— O Tom, — diceva — che bella figura fate! — Tom, con un sorriso grave e benevolo, stava guardando la fanciulletta, e pareva che al pari della sua padroncina godesse di quello scherzo.
Quando egli s’avvide del suo padrone, lo guardò con aria confusa e come in atto di scusarsi con lui.
— Come potete permettere che si facciano tali cose? — disse miss Ofelia, avvicinandosi essa pure alla veranda.
— E perché no? — domandò Saint-Clare.
— Non so perché, ma ciò, in verità, mi fa orrore!

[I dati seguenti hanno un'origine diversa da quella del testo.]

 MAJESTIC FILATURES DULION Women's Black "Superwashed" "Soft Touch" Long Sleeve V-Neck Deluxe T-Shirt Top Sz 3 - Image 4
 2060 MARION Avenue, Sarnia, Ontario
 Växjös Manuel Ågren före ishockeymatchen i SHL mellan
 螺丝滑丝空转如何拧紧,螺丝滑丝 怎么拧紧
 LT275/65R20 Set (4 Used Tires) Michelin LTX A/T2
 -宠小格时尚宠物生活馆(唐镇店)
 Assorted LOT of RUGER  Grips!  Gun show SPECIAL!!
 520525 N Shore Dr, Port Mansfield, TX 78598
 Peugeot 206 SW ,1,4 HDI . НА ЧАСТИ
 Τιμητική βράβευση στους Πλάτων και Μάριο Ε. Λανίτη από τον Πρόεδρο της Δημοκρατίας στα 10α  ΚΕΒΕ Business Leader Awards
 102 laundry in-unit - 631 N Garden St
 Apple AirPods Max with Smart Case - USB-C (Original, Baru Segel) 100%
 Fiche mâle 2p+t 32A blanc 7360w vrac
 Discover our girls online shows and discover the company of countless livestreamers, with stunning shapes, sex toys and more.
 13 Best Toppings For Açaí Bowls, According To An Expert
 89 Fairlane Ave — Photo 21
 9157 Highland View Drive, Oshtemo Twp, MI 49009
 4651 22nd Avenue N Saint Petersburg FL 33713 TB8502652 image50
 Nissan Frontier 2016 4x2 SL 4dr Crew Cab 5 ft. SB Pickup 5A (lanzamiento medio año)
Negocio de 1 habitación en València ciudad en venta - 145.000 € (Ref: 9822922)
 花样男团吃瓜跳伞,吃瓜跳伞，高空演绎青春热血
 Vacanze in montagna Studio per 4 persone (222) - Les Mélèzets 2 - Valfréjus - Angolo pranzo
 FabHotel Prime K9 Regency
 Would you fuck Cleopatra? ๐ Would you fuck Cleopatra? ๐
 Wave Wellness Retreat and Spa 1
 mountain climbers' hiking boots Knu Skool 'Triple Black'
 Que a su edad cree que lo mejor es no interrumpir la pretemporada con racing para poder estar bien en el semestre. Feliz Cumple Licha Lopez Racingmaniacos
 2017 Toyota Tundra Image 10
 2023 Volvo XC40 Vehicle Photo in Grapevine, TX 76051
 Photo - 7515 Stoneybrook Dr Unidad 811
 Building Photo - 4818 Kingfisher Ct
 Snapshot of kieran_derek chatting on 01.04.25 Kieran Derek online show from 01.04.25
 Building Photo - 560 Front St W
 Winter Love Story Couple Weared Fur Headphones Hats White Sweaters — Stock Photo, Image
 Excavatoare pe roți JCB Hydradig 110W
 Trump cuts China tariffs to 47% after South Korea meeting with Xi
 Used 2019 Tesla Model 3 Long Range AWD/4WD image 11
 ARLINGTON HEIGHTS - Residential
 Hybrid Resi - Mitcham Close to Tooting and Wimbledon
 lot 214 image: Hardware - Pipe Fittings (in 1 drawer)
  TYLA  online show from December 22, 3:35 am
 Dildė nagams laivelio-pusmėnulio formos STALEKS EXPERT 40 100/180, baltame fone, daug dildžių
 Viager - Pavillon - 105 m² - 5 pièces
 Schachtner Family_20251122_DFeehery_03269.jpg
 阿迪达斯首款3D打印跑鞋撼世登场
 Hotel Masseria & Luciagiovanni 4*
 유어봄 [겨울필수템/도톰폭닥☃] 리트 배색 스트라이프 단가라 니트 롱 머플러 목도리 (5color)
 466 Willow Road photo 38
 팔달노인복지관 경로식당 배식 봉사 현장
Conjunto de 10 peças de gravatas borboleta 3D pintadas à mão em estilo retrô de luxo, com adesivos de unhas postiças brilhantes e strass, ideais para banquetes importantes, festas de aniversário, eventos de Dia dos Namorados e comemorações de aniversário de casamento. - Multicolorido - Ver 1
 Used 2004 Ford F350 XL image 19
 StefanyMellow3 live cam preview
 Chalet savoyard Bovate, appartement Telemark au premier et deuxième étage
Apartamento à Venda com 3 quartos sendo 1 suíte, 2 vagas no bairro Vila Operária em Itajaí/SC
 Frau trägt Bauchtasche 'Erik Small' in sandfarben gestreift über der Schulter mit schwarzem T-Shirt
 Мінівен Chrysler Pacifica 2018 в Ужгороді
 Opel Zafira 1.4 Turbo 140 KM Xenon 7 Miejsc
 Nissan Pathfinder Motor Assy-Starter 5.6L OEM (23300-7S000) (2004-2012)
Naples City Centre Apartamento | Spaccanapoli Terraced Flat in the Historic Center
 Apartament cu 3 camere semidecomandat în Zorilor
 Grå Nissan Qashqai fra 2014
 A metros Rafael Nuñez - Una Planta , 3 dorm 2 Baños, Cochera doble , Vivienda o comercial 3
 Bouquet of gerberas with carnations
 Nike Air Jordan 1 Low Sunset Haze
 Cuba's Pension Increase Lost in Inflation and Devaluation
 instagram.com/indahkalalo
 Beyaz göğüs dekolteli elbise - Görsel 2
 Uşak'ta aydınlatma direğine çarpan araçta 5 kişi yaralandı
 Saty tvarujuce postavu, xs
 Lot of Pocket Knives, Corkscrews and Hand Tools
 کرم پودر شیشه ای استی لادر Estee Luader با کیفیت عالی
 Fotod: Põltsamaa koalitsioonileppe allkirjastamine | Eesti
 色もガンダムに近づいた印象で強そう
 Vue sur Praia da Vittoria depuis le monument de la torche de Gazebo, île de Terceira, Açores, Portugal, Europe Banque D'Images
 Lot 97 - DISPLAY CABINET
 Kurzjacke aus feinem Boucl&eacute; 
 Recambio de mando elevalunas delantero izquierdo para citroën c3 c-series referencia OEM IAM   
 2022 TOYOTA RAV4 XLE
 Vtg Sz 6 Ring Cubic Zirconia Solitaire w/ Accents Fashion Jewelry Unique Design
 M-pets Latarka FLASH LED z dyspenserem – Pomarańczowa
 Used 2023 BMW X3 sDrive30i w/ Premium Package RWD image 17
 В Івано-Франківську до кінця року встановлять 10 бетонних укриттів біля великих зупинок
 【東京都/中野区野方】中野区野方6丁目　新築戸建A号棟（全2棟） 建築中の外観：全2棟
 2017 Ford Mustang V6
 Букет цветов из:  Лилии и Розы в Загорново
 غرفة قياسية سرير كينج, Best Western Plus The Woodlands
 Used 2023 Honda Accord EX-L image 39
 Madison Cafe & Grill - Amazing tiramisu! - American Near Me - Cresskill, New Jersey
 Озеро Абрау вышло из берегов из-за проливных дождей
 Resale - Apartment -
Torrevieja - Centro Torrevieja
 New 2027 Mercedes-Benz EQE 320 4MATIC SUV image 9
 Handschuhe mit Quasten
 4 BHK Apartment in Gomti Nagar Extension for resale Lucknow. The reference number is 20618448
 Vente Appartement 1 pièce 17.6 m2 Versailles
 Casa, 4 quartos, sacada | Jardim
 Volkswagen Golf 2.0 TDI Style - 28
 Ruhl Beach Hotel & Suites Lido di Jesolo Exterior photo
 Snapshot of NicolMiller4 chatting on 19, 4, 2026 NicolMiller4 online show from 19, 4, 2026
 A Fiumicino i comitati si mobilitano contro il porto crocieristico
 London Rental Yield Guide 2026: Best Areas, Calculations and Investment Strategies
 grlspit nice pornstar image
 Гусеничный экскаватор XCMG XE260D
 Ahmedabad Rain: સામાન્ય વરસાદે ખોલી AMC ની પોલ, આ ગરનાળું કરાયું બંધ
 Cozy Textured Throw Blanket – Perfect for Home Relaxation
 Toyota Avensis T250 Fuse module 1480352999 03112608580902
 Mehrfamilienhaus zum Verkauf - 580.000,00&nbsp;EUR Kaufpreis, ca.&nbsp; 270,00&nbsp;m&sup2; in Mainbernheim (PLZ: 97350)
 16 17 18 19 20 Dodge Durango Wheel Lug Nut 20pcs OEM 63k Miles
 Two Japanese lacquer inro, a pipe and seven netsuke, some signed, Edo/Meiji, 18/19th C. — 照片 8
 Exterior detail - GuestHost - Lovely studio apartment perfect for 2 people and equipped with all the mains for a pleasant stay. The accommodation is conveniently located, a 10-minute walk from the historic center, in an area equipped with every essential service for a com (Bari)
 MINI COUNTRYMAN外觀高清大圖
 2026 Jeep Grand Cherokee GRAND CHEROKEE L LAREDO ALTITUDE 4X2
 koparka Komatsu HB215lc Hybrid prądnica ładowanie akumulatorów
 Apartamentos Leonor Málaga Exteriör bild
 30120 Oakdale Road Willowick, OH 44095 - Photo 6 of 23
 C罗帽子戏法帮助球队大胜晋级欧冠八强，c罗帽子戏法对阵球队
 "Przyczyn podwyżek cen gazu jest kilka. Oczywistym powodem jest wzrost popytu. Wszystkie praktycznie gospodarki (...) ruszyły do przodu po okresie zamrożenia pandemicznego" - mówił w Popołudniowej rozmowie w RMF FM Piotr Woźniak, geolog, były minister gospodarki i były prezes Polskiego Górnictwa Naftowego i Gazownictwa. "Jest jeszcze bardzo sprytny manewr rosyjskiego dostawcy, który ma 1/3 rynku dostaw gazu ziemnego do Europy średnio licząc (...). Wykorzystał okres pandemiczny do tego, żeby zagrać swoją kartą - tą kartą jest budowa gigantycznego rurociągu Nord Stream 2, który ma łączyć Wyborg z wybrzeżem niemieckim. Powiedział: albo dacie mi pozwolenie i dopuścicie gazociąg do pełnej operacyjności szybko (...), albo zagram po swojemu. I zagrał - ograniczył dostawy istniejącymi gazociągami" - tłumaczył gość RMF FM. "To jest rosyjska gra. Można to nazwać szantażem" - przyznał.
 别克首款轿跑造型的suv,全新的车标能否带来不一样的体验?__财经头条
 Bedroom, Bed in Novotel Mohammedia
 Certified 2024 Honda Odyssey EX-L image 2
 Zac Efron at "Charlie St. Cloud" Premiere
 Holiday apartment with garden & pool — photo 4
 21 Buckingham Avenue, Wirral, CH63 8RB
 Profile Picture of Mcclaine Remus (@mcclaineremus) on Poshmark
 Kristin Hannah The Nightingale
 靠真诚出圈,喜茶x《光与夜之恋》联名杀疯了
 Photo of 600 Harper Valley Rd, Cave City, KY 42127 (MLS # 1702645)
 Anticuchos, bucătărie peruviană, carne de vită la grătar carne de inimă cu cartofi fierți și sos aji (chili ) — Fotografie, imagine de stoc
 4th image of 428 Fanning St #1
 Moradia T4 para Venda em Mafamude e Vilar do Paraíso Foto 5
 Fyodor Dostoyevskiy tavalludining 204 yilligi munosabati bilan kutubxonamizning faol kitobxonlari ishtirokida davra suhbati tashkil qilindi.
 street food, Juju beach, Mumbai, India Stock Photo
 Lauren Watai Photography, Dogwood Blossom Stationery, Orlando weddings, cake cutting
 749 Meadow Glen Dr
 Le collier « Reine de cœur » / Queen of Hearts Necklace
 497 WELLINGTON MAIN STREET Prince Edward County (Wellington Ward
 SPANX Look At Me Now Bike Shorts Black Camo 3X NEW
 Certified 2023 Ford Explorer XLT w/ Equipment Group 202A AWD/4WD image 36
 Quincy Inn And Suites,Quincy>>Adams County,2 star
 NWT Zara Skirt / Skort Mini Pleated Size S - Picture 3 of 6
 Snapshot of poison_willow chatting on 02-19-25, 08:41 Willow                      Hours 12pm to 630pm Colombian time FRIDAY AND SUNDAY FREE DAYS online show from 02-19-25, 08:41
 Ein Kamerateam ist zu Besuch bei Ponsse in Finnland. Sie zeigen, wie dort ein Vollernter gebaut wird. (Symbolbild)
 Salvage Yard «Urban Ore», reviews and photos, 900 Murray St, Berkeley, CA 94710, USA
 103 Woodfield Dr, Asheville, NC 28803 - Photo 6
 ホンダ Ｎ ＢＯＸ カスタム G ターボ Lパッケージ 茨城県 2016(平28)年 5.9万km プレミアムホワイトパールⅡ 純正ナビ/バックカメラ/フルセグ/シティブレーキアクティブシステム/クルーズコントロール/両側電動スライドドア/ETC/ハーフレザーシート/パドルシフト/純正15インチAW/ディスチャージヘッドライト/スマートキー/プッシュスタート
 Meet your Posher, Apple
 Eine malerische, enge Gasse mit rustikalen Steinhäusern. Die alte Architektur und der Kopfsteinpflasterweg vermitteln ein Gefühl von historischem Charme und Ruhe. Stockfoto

— Ecco, voi non trovereste da ridire che un fanciullo accarezzasse un grosso cane, anche quando il grosso cane fosse tutto nero; ma se in quella vece è una creatura che pensa e che sente, una creatura dotata di un’anima immortale, voi ne inorridite, cugina. Io conosco i pregiudizi di voialtri del Nord. Non è già per virtù che noialtri ne andiamo esenti; ma l’abitudine fa in noi quello che dovrebbe fare il cristianesimo: essa distrugge le ripugnanze naturali. Spesso nei miei viaggi nel Nord rimasi maravigliato vedendo quanto la vostra ripugnanza per i negri sia più forte della nostra. Voi li sfuggite come si sfuggirebbe un rospo o un serpente, e al tempo stesso non vorreste che fossero maltrattati; ma ricusate di aver che fare con loro; vorreste che fossero mandati tutti in Africa, lontani dalla vostra vista e dal vostro odorato, e che uno o due missionari si recassero colà a convertirli, e che questi missionari epilogassero la carità cristiana di tutta la nazione verso i negri; non è vero, cugina?
— Forse c’è qualche cosa di vero in quanto voi dite, — rispose miss Ofelia, pensosa.